--- Required action ---
In the entries that follow, count each line containing "this" and state the total, nothing more.

Stored data Block Start

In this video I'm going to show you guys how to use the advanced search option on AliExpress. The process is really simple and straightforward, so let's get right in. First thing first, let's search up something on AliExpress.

Stored data Block End
Stored data Block Start

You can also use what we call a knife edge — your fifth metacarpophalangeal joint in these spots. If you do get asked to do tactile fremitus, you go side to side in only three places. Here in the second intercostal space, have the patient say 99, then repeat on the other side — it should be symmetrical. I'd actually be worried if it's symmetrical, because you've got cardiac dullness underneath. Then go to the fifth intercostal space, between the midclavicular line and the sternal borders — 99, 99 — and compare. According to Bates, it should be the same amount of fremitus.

Stored data Block End
Stored data Block Start

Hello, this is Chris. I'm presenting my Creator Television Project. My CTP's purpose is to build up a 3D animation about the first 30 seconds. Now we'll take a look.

Stored data Block End

--- Final answer ---
2